With four-time-indicted former president Donald Trump’s expected win in Iowa coupled with the close race for second, the 2024 race may come to resemble the 2016 contest when Republican alternatives divided up the not-Trump vote. Former U.N. ambassador Nikki Haley’s finish no doubt disappoints establishment Republicans looking for a Trump alternative. So, while the race is not over quite yet, it will be soon enough. Republicans not enamored with a right-wing authoritarian will then face two critical choices:
If Trump is the nominee, will it be time to depart from the Republican Party? And if the answer is yes, what to do in November and beyond?
Former Wyoming congresswoman Liz Cheney, who has become the most articulate voice of sanity on the right, does not want to crush one of the challengers’ chances, no matter how slight.

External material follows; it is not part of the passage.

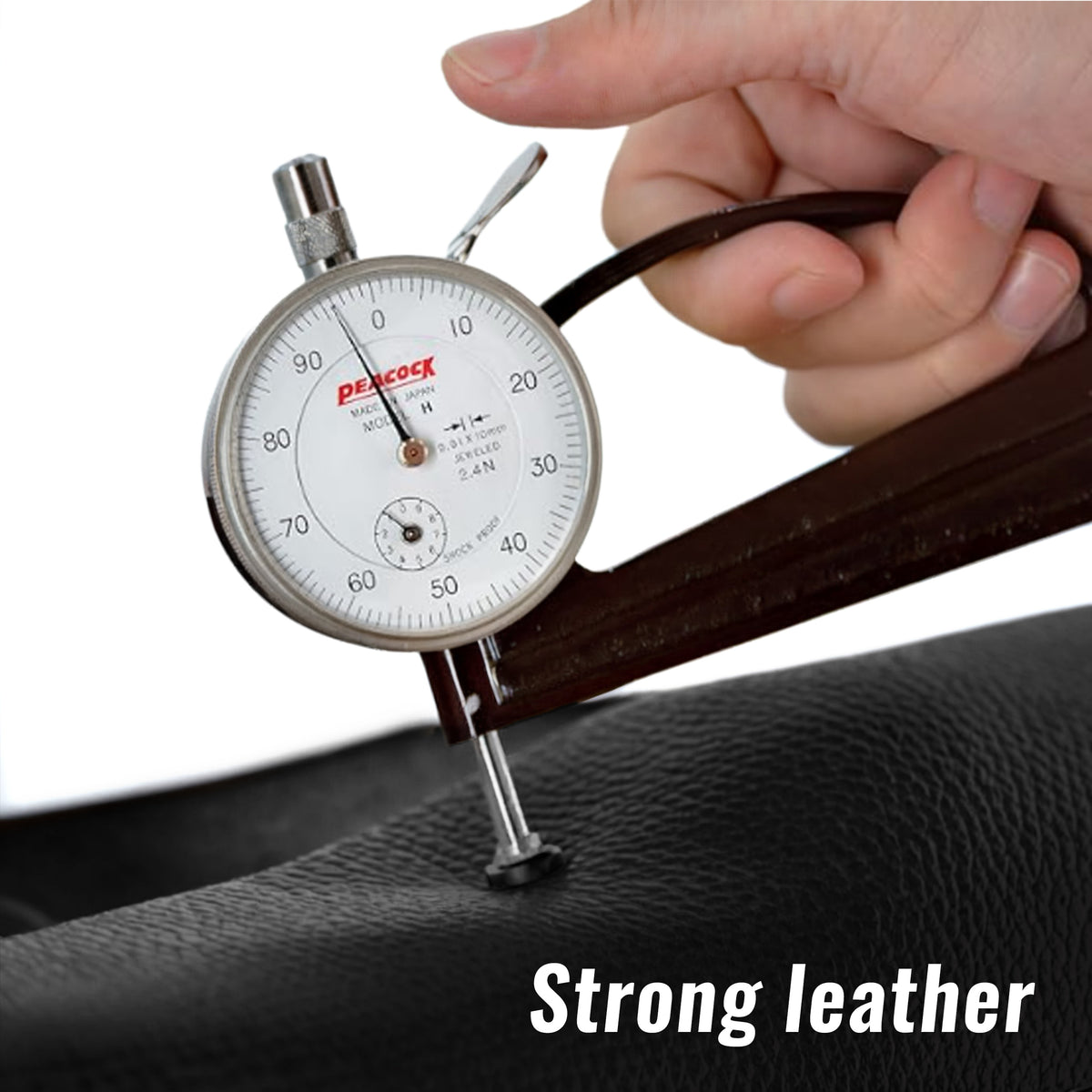 Genuine Leather Knife Roll Case - 1 to 6 Slots - Portable Bag Pouch for Cooking Tools, Utensils, Cutlery Knives - Chefs, BBQ - Under NY Sky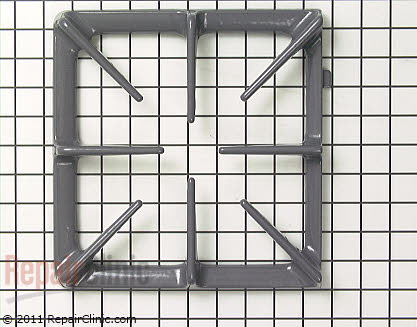 Burner Grate WB31K68 Main Product View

So don’t expect her to do anything to foreclose whatever small possibility remains to defeat Trump in the primaries. That said, Cheney has begun to look ahead.
Last week, Cheney gave her most succinct and clear answer about her outlook on 2024. It bears emphasizing that she is not giving herself or others an “out” by suggesting they all hop on a third-party train to nowhere. Instead, she delivered the hard news: “There are some conservatives who are trying to make this claim that somehow [President] Biden is a bigger risk than Trump,” she said on “The View.” “My view is I disagree with a lot of Joe Biden’s policies. We can survive bad policies. We cannot survive torching the Constitution.”
Votes for a Libertarian, Green or No Labels candidate can only diminish the anti-Trump, save-democracy coalition. Just as we saw in 2020 — when Republicans including former Ohio governor John Kasich; John McCain’s widow Cindy McCain; former senators David Durenberger of Minnesota, Gordon J. Humphrey of New Hampshire and John Warner of Virginia; and a flock of former congressmen and George W. Bush aides endorsed Biden — sober and patriotic Republicans must know that the only candidate in the general election who can beat Trump, if he is the nominee, will be Biden.
If a strongman such as Benito Mussolini, Francisco Franco or Jair Bolsonaro were the nominee, no one would dream of throwing their vote away on a fringe candidate. It would be essential to form a broad coalition, from the center-right to the left, in defense of democracy. Any risk that a character prepared to suspend the Constitution could get elected, use the military to suppress dissent and politicize the justice system (among other horrors) would be too great.
We should expect Cheney to join figures such as former congressman and fellow Jan. 6 select committee member Adam Kinzinger (R-Ill.) in endorsing Biden over Trump. She would not do so because she agrees with Biden’s policies, as she said, but, rather, because she has vowed to do everything in her power to keep Trump out of the Oval Office. She can stand up for still-persuadable fellow Republicans and ex-Republicans to explain the risk a Trump second term would pose not only to American democracy but also to the fate of democracies around the world (e.g., Taiwan, Ukraine) struggling to defend themselves against aggressive dictatorial regimes. The great test for her — and for our democracy — is whether she and like-minded conservatives can pull enough of the Republicans who are anti-Trump or whose support for Trump is merely soft into the Biden camp.